## WHAT IS BEING ASKED
From the first record to the last, write each one out again exactly.

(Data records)

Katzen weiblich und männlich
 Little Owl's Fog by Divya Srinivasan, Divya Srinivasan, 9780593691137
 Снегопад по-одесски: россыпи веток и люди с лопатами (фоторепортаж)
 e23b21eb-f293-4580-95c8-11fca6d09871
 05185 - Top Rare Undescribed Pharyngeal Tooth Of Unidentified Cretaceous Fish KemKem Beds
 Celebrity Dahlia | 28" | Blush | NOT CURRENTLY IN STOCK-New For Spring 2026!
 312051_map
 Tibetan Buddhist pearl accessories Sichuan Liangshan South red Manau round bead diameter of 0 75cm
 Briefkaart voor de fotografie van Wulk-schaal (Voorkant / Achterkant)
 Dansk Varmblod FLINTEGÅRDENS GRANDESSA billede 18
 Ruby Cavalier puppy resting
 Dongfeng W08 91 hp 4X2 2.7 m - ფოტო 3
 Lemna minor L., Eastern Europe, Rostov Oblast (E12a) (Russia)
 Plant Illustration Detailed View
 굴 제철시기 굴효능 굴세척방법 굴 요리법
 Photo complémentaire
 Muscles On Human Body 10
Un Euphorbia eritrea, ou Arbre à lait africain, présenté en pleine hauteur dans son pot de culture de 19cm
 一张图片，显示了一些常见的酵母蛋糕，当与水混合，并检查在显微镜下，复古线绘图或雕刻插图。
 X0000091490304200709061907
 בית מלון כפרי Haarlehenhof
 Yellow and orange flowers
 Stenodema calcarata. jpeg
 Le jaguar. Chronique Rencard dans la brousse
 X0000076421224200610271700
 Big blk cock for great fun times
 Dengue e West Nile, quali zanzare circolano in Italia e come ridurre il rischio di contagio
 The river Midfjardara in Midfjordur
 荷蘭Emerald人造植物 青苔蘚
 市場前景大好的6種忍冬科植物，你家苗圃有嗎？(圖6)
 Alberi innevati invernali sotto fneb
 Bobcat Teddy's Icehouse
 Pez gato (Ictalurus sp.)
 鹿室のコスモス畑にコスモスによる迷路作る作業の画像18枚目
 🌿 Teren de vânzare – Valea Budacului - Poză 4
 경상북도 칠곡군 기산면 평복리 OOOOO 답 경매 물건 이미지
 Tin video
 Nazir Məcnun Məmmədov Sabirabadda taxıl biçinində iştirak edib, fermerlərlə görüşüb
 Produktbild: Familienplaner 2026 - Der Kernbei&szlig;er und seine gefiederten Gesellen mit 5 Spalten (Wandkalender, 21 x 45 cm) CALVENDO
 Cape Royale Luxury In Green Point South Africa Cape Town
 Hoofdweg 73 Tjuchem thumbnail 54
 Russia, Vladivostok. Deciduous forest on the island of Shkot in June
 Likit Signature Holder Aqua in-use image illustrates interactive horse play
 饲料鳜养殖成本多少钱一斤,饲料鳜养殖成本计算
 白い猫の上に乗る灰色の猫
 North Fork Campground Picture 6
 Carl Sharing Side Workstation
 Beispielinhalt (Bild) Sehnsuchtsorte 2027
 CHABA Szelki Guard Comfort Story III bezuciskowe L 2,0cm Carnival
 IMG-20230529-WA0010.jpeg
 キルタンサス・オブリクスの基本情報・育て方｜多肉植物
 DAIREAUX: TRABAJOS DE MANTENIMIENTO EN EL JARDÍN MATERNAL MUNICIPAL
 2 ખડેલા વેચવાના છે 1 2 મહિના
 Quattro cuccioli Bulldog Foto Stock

## SOLUTION FOR THIS TASK
Katzen weiblich und männlich
 Little Owl's Fog by Divya Srinivasan, Divya Srinivasan, 9780593691137
 Снегопад по-одесски: россыпи веток и люди с лопатами (фоторепортаж)
 e23b21eb-f293-4580-95c8-11fca6d09871
 05185 - Top Rare Undescribed Pharyngeal Tooth Of Unidentified Cretaceous Fish KemKem Beds
 Celebrity Dahlia | 28" | Blush | NOT CURRENTLY IN STOCK-New For Spring 2026!
 312051_map
 Tibetan Buddhist pearl accessories Sichuan Liangshan South red Manau round bead diameter of 0 75cm
 Briefkaart voor de fotografie van Wulk-schaal (Voorkant / Achterkant)
 Dansk Varmblod FLINTEGÅRDENS GRANDESSA billede 18
 Ruby Cavalier puppy resting
 Dongfeng W08 91 hp 4X2 2.7 m - ფოტო 3
 Lemna minor L., Eastern Europe, Rostov Oblast (E12a) (Russia)
 Plant Illustration Detailed View
 굴 제철시기 굴효능 굴세척방법 굴 요리법
 Photo complémentaire
 Muscles On Human Body 10
Un Euphorbia eritrea, ou Arbre à lait africain, présenté en pleine hauteur dans son pot de culture de 19cm
 一张图片，显示了一些常见的酵母蛋糕，当与水混合，并检查在显微镜下，复古线绘图或雕刻插图。
 X0000091490304200709061907
 בית מלון כפרי Haarlehenhof
 Yellow and orange flowers
 Stenodema calcarata. jpeg
 Le jaguar. Chronique Rencard dans la brousse
 X0000076421224200610271700
 Big blk cock for great fun times
 Dengue e West Nile, quali zanzare circolano in Italia e come ridurre il rischio di contagio
 The river Midfjardara in Midfjordur
 荷蘭Emerald人造植物 青苔蘚
 市場前景大好的6種忍冬科植物，你家苗圃有嗎？(圖6)
 Alberi innevati invernali sotto fneb
 Bobcat Teddy's Icehouse
 Pez gato (Ictalurus sp.)
 鹿室のコスモス畑にコスモスによる迷路作る作業の画像18枚目
 🌿 Teren de vânzare – Valea Budacului - Poză 4
 경상북도 칠곡군 기산면 평복리 OOOOO 답 경매 물건 이미지
 Tin video
 Nazir Məcnun Məmmədov Sabirabadda taxıl biçinində iştirak edib, fermerlərlə görüşüb
 Produktbild: Familienplaner 2026 - Der Kernbei&szlig;er und seine gefiederten Gesellen mit 5 Spalten (Wandkalender, 21 x 45 cm) CALVENDO
 Cape Royale Luxury In Green Point South Africa Cape Town
 Hoofdweg 73 Tjuchem thumbnail 54
 Russia, Vladivostok. Deciduous forest on the island of Shkot in June
 Likit Signature Holder Aqua in-use image illustrates interactive horse play
 饲料鳜养殖成本多少钱一斤,饲料鳜养殖成本计算
 白い猫の上に乗る灰色の猫
 North Fork Campground Picture 6
 Carl Sharing Side Workstation
 Beispielinhalt (Bild) Sehnsuchtsorte 2027
 CHABA Szelki Guard Comfort Story III bezuciskowe L 2,0cm Carnival
 IMG-20230529-WA0010.jpeg
 キルタンサス・オブリクスの基本情報・育て方｜多肉植物
 DAIREAUX: TRABAJOS DE MANTENIMIENTO EN EL JARDÍN MATERNAL MUNICIPAL
 2 ખડેલા વેચવાના છે 1 2 મહિના
 Quattro cuccioli Bulldog Foto Stock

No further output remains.